July 06, 2022 at 12:45 PM
13 minute read
On June 14, 2018, William Hinman, then-Director of the SEC's Division of Corporation Finance, was giving a talk at Yahoo Finance's All Markets Summit when he said he did not think that sales of cryptocurrencies Ether and Bitcoin were securities transactions. Director William Hinman, Division of Corporation Finance, Remarks at the Yahoo Finance All Markets Summit, Crypto (Digital Asset Transactions: When Howey Met Gary (Plastic) (June 14, 2018); see also SEC v. Ripple Labs, ECF No. 51, Ripple's Answer to SEC's First Amendment Complaint, at 98 (S.D.N.Y. March 4, 2021).
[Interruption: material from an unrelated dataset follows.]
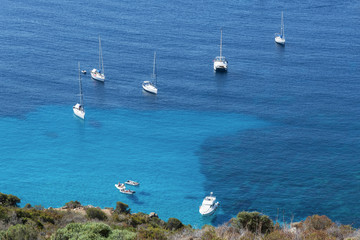 Ships anchored off the coast of Corsica on the blue calm sea, view from above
Some in attendance may not have given his comment much significance, and perhaps for good reason. Hinman's speech, on the regulation of digital assets under the federal securities laws, was expressly personal—Hinman began his speech with the familiar disclaimer that is required by SEC regulations to accompany its employees' personal statements: "My remarks are mine alone, not necessarily those of the Commission, the Commissioners, or the staff." See SEC v. Ripple Labs, Hinman Decl. para. 11. (S.D.N.Y. June 23, 2021). However, despite the disclaimer and the informal setting, Hinman's comment would loom large a few years later in the SEC's high-profile enforcement action against Ripple Labs, in which the SEC contends Ripple raised $1.3 billion in an unregistered offering of the cryptocurrency XRP. (King & Spalding represents Ripple in a consolidated class action filed against it by XRP purchasers who make similar allegations as the SEC.) A pillar of Ripple's defense is that it had not been put on "fair notice" that its offering was illegal because Hinman's speech, among other signals, led Ripple to believe that the SEC would not consider XRP a security within the SEC's jurisdiction. Ripple's Answer, supra at 98.